God’s grace does not pull us out of the fight though. There is still suffering in this world even with God’s grace. And we shouldn’t despair over the suffering of this world either. Paul helped us to not despair over the suffering of this world when he explained earlier in his letter to the Romans that “suffering produces endurance, and endurance produces character, and character produces hope, and hope does not disappoint us.” As Paul clearly explains, suffering produces hope and hope is a great gift to have. It enables us to do unimaginable things. It enables us to live and love fearlessly. It enables us to be as God wants us to be. Hope is a great gift indeed!
Someone once asked C.S. Lewis, the great author/theologian of the 20th century, “Why do the righteous suffer?” I loved his response: “Why not? They’re the only ones who can take it.” Serving God often results in suffering. Just look at Jeremiah and David and the people around Paul! But suffering is not without a purpose. Suffering has a purpose which is ultimately to produce hope. Following Jesus will likely result in suffering, if only to re-prioritize some of our relationships in life. And God wants us to serve him with our whole hearts. Not just some of our hearts, not just half of our hearts, not just less than half of our hearts, but with all our hearts. Anything less is not enough! Why? Because God loves us with all his heart and it is his love that enables us to withstand the suffering of this world.
As Helen Keller, the bright star of hope despite her being born both blind and deaf, once commented, “although the world is full of suffering, it is also full of the overcoming of it.” Our world may be overrun with sin and death but it is not without hope.
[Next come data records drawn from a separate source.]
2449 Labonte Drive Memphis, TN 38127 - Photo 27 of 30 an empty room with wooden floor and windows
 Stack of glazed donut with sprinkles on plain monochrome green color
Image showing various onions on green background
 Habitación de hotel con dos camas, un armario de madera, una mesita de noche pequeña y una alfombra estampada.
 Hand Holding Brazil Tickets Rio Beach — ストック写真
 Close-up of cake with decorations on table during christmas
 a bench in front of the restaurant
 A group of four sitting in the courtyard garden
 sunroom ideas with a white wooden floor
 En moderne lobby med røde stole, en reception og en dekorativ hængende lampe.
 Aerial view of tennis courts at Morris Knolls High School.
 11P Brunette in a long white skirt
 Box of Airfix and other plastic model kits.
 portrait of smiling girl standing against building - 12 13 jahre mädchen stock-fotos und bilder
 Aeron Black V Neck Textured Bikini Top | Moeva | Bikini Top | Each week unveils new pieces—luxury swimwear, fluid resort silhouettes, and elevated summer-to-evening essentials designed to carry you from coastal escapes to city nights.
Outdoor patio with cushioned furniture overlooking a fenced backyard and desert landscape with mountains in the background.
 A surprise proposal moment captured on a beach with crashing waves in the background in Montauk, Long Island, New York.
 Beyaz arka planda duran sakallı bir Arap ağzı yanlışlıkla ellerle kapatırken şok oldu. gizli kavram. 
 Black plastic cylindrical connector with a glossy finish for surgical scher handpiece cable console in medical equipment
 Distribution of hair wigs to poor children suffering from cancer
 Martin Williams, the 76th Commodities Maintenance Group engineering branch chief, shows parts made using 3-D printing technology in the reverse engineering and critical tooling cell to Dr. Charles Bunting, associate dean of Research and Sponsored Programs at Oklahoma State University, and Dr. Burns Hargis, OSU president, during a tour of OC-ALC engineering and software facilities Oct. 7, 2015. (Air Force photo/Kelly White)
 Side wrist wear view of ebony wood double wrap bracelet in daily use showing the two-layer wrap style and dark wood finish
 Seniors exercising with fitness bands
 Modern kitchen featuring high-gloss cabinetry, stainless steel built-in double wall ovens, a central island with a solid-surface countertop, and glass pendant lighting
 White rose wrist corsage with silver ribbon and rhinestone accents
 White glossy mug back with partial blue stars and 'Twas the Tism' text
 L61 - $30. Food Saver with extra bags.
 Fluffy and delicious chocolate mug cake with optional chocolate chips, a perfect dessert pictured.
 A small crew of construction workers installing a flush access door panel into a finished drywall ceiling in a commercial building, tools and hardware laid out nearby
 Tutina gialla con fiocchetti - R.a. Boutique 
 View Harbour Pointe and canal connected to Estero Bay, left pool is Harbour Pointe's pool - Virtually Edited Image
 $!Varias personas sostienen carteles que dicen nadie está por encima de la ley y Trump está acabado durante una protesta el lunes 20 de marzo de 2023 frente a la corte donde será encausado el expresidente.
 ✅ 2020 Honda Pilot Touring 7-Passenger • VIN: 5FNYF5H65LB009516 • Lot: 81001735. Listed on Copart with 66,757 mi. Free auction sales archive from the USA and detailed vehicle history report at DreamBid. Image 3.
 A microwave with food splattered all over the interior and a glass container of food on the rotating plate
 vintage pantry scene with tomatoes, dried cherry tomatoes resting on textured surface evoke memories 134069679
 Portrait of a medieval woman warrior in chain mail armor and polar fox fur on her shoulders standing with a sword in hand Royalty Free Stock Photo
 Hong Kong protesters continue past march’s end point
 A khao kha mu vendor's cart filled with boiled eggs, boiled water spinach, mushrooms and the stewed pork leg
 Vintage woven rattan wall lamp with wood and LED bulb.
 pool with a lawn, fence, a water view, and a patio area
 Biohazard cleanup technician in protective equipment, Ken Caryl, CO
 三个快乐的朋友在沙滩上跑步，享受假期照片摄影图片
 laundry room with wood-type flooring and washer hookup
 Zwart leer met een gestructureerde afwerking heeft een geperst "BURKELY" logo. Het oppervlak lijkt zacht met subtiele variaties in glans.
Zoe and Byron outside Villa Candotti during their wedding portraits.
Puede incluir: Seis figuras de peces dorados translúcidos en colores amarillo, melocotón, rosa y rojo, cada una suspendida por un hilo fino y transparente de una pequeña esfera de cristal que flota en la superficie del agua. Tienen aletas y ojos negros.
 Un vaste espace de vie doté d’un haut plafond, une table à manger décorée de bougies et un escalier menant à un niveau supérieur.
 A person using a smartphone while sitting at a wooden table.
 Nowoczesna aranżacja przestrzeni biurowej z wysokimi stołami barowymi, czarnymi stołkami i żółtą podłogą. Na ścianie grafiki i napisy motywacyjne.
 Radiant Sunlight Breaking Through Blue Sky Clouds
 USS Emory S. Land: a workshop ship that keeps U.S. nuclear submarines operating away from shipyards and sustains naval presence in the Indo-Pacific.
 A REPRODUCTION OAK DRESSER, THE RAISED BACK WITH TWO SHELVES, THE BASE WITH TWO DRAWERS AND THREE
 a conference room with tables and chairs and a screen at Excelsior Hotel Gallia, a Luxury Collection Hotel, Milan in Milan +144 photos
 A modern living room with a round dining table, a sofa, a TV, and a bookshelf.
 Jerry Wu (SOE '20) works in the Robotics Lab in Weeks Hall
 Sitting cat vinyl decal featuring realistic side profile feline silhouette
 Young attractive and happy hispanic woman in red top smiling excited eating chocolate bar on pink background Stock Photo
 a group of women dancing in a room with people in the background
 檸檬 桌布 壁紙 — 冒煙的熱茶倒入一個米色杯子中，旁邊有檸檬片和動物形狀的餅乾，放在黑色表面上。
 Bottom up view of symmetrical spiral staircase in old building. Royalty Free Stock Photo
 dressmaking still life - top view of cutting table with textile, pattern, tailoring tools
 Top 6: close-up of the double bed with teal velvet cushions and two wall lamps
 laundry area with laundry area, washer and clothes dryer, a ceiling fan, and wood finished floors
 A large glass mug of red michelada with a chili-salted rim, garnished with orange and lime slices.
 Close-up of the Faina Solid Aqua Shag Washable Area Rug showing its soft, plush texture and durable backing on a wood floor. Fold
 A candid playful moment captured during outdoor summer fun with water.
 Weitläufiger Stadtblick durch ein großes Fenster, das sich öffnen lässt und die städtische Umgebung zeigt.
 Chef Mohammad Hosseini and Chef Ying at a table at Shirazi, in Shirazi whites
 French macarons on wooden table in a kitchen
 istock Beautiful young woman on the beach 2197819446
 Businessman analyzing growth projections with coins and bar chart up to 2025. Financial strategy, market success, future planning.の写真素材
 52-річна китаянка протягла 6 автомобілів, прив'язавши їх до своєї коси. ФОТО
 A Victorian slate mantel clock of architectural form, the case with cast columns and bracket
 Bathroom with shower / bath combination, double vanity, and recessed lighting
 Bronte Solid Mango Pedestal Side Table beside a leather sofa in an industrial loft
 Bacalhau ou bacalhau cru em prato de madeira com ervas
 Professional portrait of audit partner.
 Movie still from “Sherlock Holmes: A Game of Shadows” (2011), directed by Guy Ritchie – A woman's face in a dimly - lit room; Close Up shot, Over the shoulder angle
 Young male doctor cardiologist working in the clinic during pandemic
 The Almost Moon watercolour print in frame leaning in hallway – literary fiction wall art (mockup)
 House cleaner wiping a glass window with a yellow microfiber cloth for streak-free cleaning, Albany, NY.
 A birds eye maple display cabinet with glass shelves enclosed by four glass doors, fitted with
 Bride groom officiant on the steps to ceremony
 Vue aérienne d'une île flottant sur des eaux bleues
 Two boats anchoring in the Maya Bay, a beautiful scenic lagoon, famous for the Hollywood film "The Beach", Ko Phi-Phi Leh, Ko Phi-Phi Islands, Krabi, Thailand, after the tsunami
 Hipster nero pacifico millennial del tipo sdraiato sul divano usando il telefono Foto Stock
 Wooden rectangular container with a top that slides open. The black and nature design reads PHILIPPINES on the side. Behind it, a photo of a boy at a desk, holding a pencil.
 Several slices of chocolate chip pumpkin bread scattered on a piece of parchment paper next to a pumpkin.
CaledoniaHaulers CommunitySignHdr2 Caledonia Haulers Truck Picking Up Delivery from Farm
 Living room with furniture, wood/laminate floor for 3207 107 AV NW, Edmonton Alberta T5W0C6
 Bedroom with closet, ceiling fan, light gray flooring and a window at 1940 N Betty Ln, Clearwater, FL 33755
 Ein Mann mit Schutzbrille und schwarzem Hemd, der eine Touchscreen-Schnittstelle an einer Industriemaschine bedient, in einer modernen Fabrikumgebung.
It is not without people willing to serve God…to say and do what God wants them to say and do despite the suffering inflicted upon themselves…to love God with their whole hearts above all else…our world is full of these people. As we set about our journey through Pentecost, let us strive to be one of these people, as difficult as it might prove to be. Let us listen to what God says and try to obey him. God loves us and will always love us!
In the name of the Father, Son, and Holy Spirit.